Some people will do anything to go on teevee.

6

Arthur 04.05.08 at 7:52 pm

Surely the control should be pols or candidates who appeared on shows with equivalent ratings to Me Colbert esteemed vehicle – in a ‘culture’ such as the US where media exposure is the only currency a control cannot be theose who do not appear on tv

7

Kiran 04.05.08 at 10:46 pm

a:

It’s important to remember that all representatives intending to run for re-election are also “political candidates.” Their political turnaround is 2 years which effectively means they’re running for re-election on their first day of office.

8

phil 04.05.08 at 10:57 pm

John Hall (NY-19) was interviewed on Better Know a District when he was still a candidate.

9

Brian 04.06.08 at 12:06 pm

In response to #2 “a”:

Every one who goes on his show knows full well what kind of show it is, and that it’s not a question of ‘if’ they’ll make a fool of themselves. The show is edited to do so, and to portray the most ‘truthiness’ for every viewing second.

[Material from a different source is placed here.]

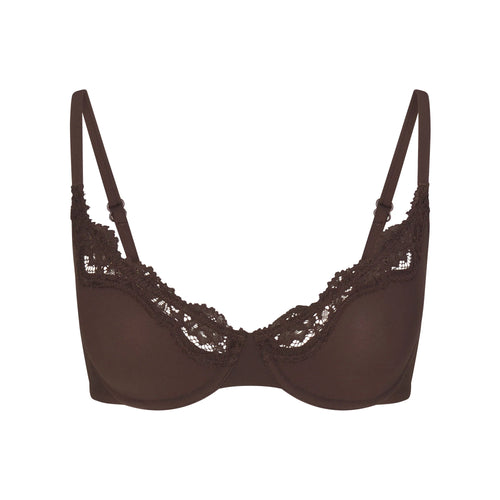 FITS EVERYBODY LACE UNLINED SCOOP BRA | ESPRESSO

I just hope that when an Oregonian is featured, we don’t make a fool of ourselves.

Wait…

10

Eric 04.06.08 at 12:42 pm

I like Colbert as much as the next guy (I’ve been listening to his audiobook while travelling, actually), but let’s look at this empirically. There’s little to draw a causality here. If you look, the candidates are rising out of the dip before they appear on the show. This indicates that there’s a total shift in PC tatics which likely INCLUDES the Colbert Report appearance, but is not limited to it, that’s responsible for the bump.

11

Rob 04.06.08 at 3:15 pm

Sitting representatives featured on Better Know a District (and their opponents in upcoming elections, if the sitting representative refused to be interviewed), no matter what party, were almost all re-elected in the following election (and the challenger who appeared were elect), at least according to Colbert. The episode that aired on the night of the midterm elections in 2006 went into detail about this, so if people want to look into it, I’m sure the video’s on Comedy Central’s website.

12

Paul 04.06.08 at 4:34 pm

I can has data? Names? Day appeared on show? K thx!

13

Austin 04.06.08 at 4:59 pm

Well, and then there is Ron Paul.

14

James Fowler 04.06.08 at 5:36 pm

The data is in a table in the paper:
http://jhfowler.ucsd.edu/colbert_bump.pdf

15

liza 04.06.08 at 7:42 pm

OMG! This one is sooooo getting an igNoble award. Mark my words!

16

Chrissy 04.08.08 at 12:03 am

What are the statistics on how many Republican candidates have appeared on the show compared to Democrats?